Third, the combined company would have greater bulk, placing it closer to CYH and HMA, its most obvious competitors. As may be seen in the chart on page 3, the combined company would rank fifth in terms of acute care hospitals owned and seventh in terms of revenue.
Behind these reasons may lurk some degree of sibling rivalry. From one perspective, it looks like LPNT is playing catchup with sibling Triad Hospital. Triad was spun off from HCA with 31 owned hospitals at the same time as LPNT was, but made its big move in 2001 when it acquired Quorum Health Group for $2.4 billion (at 1.36x P/R and 7.9x P/EBITDA). With a variety of divestments and acquisitions, TRI now owns 49 hospitals.
Finally, recent changes to Medicare rules will raise reimbursement to rural acute care providers next year by 6.2%, as compared with the average hospital, which will receive a 5.7% increase.
Still, the question remains: Are these reasons sufficient to justify the high price paid? We may not know until two or three years after the deal closes, scheduled for early 2005, and the effects of the consolidation on the financial statements shake out.
Citgroup Global Markets, Inc. acted as financial advisor to LPNT while Dewey Ballantine LLP served as legal advisor. Citigroup has committed to arrange $1.725 billion in a senior secured credit facility. Merrill Lynch served as financial advisor to PRV while Alston & Bird LLP acted as legal advisor.
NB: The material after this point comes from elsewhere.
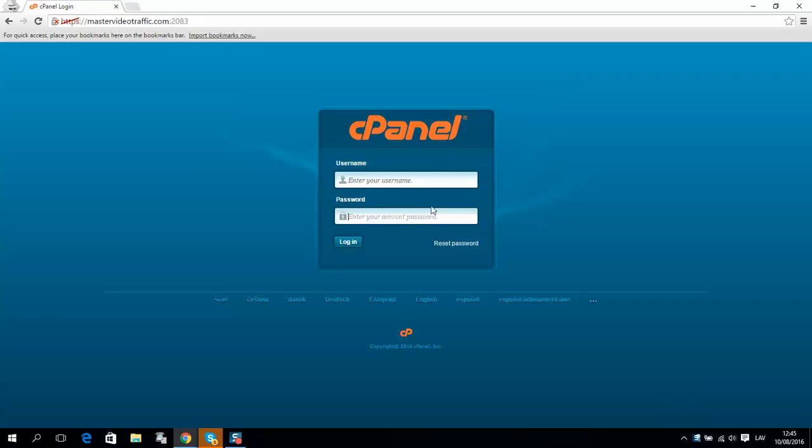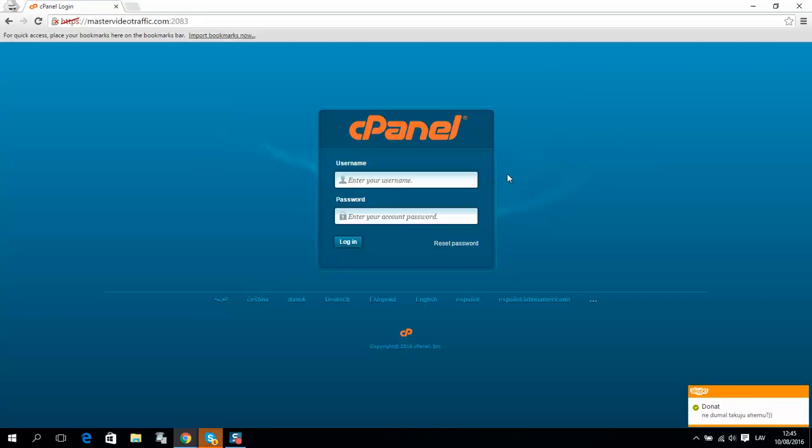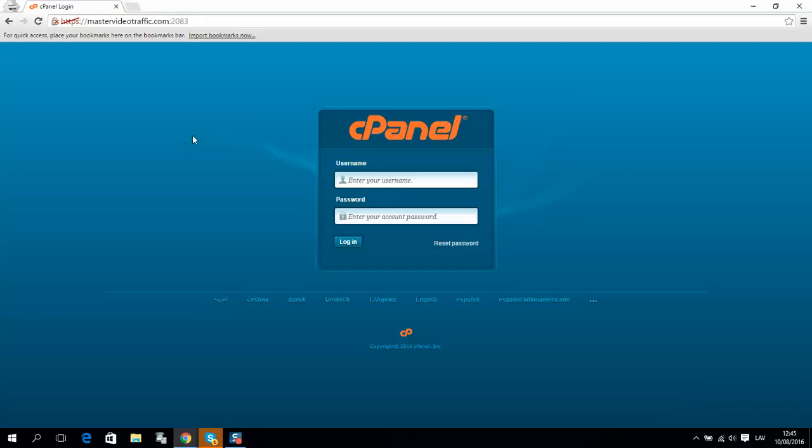I will put all links in the video description about automatic email marketing and about our cheap hosting service. If you're interested, please check them out.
In both of these big deals, the remaining managers will have their hands full trying to squeeze better margins out of operations and better returns for investors.
--Tenet Keeps Shedding Hospitals
Tenet Healthcare divested a total of five hospitals this month in two separate deals. In the first one, it is selling four properties in the Los Angeles market with a combined total of 609 beds. The buyer, based in LA, is AHMC, Inc. which operates Alhambra Hospital Medical Center and Doctor’s Hospital Medical Center in Montclair.
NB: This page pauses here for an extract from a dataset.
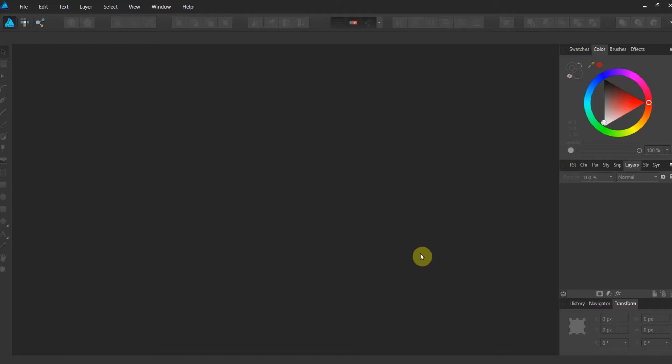So in part one, which should be over to the right hand side on YouTube, we prepared the photo of the African Elephant for texturing for this brush. So if you're interested in that and you haven't seen part one, go ahead and check out part one.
AHMC is paying $100 million, or $164,200, for the four facilities, enlarging its area network. AHMC has committed to offer employment to substantially all employees and to honor any labor agreements, suggesting that initially there may be little consolidation at the facilities.
In a separate action, Tenet has also returned control of 232-bed Doctors Medical Center in San Pueblo, California to the West Contra Health Care District from whom it had been leasing the facility. No money changed hands.
The second deal involves a hospital that was not among those Tenet announced it would divest in January. THC is selling the Medical College of Pennsylvania Hospital to East Falls Hospital System (EFHS) for exactly $1. Tenet has wanted to close MCP Hospital for two years because it is a financial sink hole that it is currently losing $5 million per month.
Area activists jumped into the fray to save the facility from closure. East Falls Hospital System was formed for the express purpose of acquiring the financially troubled facility. In a deal brokered by Pennsylvania’s governor, Tenet will now transfer non-real estate assets, including equipment, to EFHS for a buck.
As noted last month, Tenet continues to field bids for hospitals that it has not put on the auction block. A South Florida physician has again offered to buy North Ridge Medical Center in Oakland Park for $60 million.
The good doctor, who holds 25,000 shares of Tenet stock, cofounded North Ridge, so there is some sentimental attachment. But there appears to be more. When he first offered to buy back the facility, he offered an alternative in which Tenet would instead buy his 128,000-sqaure-foot Oakridge Outpatient Center nearby as well as adjacent land. In neither instance, it seems, was Tenet amused—or interested.